## TASK STATEMENT:
Line by line, retype the data exactly as it is given.

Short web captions
● ● ●

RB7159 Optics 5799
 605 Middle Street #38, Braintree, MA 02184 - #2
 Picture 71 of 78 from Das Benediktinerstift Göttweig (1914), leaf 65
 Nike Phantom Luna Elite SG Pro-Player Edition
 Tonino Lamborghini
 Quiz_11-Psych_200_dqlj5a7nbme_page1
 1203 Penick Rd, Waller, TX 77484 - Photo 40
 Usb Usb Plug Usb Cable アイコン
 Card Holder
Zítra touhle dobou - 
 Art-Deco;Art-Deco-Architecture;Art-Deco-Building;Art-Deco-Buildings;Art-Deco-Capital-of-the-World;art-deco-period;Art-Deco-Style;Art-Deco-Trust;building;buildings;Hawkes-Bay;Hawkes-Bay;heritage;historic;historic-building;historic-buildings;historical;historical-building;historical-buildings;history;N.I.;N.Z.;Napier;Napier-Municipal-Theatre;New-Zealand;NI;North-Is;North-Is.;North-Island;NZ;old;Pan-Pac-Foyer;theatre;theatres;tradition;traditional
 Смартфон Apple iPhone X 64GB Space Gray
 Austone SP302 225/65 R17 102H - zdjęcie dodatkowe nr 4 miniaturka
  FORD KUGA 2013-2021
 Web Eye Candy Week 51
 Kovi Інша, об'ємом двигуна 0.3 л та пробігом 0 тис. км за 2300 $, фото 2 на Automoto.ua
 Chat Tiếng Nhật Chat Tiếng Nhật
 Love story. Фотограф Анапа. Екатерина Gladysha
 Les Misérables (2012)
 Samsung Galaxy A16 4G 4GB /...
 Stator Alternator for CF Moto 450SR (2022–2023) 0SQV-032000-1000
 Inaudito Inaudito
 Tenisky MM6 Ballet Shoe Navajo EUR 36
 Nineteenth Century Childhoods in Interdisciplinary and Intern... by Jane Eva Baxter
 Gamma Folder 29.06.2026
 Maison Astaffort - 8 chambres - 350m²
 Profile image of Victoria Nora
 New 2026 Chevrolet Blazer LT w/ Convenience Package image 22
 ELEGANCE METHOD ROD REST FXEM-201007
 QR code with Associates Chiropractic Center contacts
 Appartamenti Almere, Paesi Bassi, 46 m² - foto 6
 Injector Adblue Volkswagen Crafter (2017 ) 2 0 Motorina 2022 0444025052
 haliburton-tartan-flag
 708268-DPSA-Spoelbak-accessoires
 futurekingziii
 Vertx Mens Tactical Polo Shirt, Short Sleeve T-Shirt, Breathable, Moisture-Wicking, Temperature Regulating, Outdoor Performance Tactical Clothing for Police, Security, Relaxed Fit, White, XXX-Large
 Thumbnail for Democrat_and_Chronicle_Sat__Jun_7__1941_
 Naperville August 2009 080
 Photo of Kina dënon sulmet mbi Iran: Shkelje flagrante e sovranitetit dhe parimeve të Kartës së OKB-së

● ● ●

## REPLY:
RB7159 Optics 5799
 605 Middle Street #38, Braintree, MA 02184 - #2
 Picture 71 of 78 from Das Benediktinerstift Göttweig (1914), leaf 65
 Nike Phantom Luna Elite SG Pro-Player Edition
 Tonino Lamborghini
 Quiz_11-Psych_200_dqlj5a7nbme_page1
 1203 Penick Rd, Waller, TX 77484 - Photo 40
 Usb Usb Plug Usb Cable アイコン
 Card Holder
Zítra touhle dobou - 
 Art-Deco;Art-Deco-Architecture;Art-Deco-Building;Art-Deco-Buildings;Art-Deco-Capital-of-the-World;art-deco-period;Art-Deco-Style;Art-Deco-Trust;building;buildings;Hawkes-Bay;Hawkes-Bay;heritage;historic;historic-building;historic-buildings;historical;historical-building;historical-buildings;history;N.I.;N.Z.;Napier;Napier-Municipal-Theatre;New-Zealand;NI;North-Is;North-Is.;North-Island;NZ;old;Pan-Pac-Foyer;theatre;theatres;tradition;traditional
 Смартфон Apple iPhone X 64GB Space Gray
 Austone SP302 225/65 R17 102H - zdjęcie dodatkowe nr 4 miniaturka
  FORD KUGA 2013-2021
 Web Eye Candy Week 51
 Kovi Інша, об'ємом двигуна 0.3 л та пробігом 0 тис. км за 2300 $, фото 2 на Automoto.ua
 Chat Tiếng Nhật Chat Tiếng Nhật
 Love story. Фотограф Анапа. Екатерина Gladysha
 Les Misérables (2012)
 Samsung Galaxy A16 4G 4GB /...
 Stator Alternator for CF Moto 450SR (2022–2023) 0SQV-032000-1000
 Inaudito Inaudito
 Tenisky MM6 Ballet Shoe Navajo EUR 36
 Nineteenth Century Childhoods in Interdisciplinary and Intern... by Jane Eva Baxter
 Gamma Folder 29.06.2026
 Maison Astaffort - 8 chambres - 350m²
 Profile image of Victoria Nora
 New 2026 Chevrolet Blazer LT w/ Convenience Package image 22
 ELEGANCE METHOD ROD REST FXEM-201007
 QR code with Associates Chiropractic Center contacts
 Appartamenti Almere, Paesi Bassi, 46 m² - foto 6
 Injector Adblue Volkswagen Crafter (2017 ) 2 0 Motorina 2022 0444025052
 haliburton-tartan-flag
 708268-DPSA-Spoelbak-accessoires
 futurekingziii
 Vertx Mens Tactical Polo Shirt, Short Sleeve T-Shirt, Breathable, Moisture-Wicking, Temperature Regulating, Outdoor Performance Tactical Clothing for Police, Security, Relaxed Fit, White, XXX-Large
 Thumbnail for Democrat_and_Chronicle_Sat__Jun_7__1941_
 Naperville August 2009 080
 Photo of Kina dënon sulmet mbi Iran: Shkelje flagrante e sovranitetit dhe parimeve të Kartës së OKB-së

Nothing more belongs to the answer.